Murphy offers a satirical fable set in an alternate world peopled by all species of animals.
New York City is introduced as a “vessel for animals” in Murphy’s first chapter, a purposely grandiose history of the city in which readers will assume animal references—“herds,” “invasive species”—are metaphoric. They’re not, or only in the sense that the book is one giant metaphor, a 21st-century combination of Animal Farm and Aesop's Fables. It's also a political thriller about an unwitting government bureaucrat uncovering corruption—think Robert Redford in his Three Days of the Condor period except he’s a llama or alpaca. The alpaca would be Alfonzo, toiling in the basement of City Hall as second assistant to the nonexistent assistant to the nonexistent commissioner of records while also working on his Ph.D. Illicitly printing out his dissertation at work, he borrows office paper from his friend Mitchell, a llama who works on housing issues (a humorous tip of the hat to New York's Mitchell-Lama affordable housing program).
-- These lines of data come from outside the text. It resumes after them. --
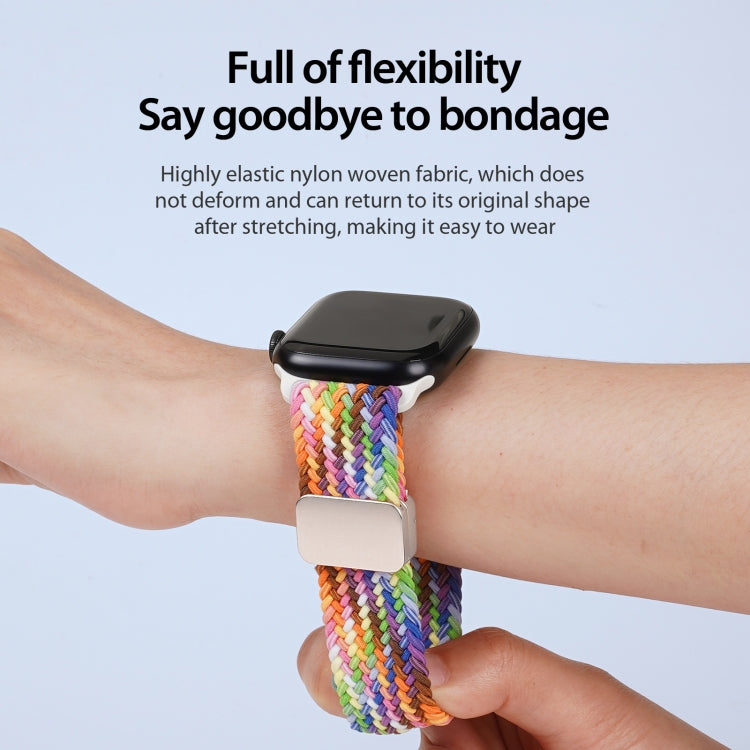 For Apple Watch 42mm DUX DUCIS Mixture Pro Series Magnetic Buckle Nylon Braid Watch Band(New Rainbow) - Watch Bands by DUX DUCIS | Online Shopping South Africa | PMC Jewellery | Buy Now Pay Later Mobicred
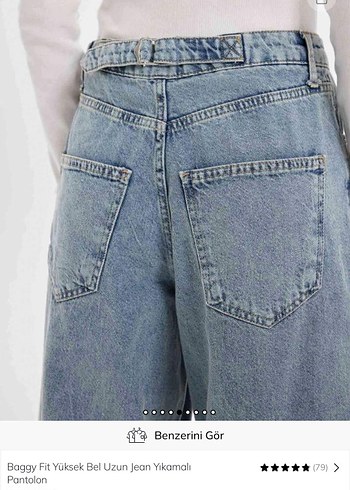 Gri Bol Kesim Kadın  Kot Pantolon - Görsel 4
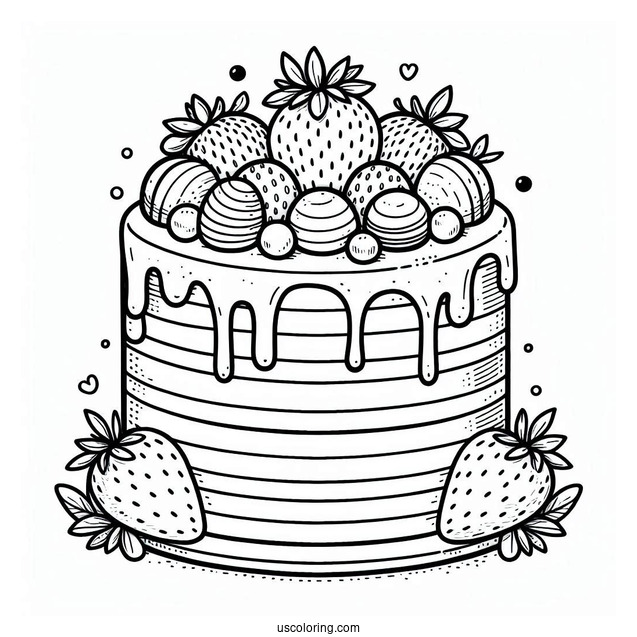 Cake With Maracons And Strawberries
Better at office politics than his friend, Mitchell nevertheless feels caught between the needs of the poor and homeless versus the demands of landlords and the mayor, whom he hates. Alfonzo’s dissertation is rejected, in part because the scrap paper Mitchell has given him happens to have irrelevant facts and figures printed on the pre-used side. Meanwhile, right-wing radio is influencing land animals to blame sea animals “for every woe,” and Alfonzo finds a publication in his bag from the resistance movement SERF, the Sea Equality Revolutionary Front, a cause Mitchell’s lemur girlfriend, a barista, has been pushing. When Alfonzo learns his department is being closed, and the reason, he and Mitchell are spurred into action. Murphy packs a lot of issues—class, climate change immigration, vegetarianism, and more—into a familiar plot about malfeasance. She balances her poetic ruminations and dogmatic lecturing with a goofy relish for puns, from “The Five Burrows” of New York to the “freshly groomed” horse mayor to “Reading Rainboa" to radical “Bobby Seal.”
Weird yet engrossing and hard to forget.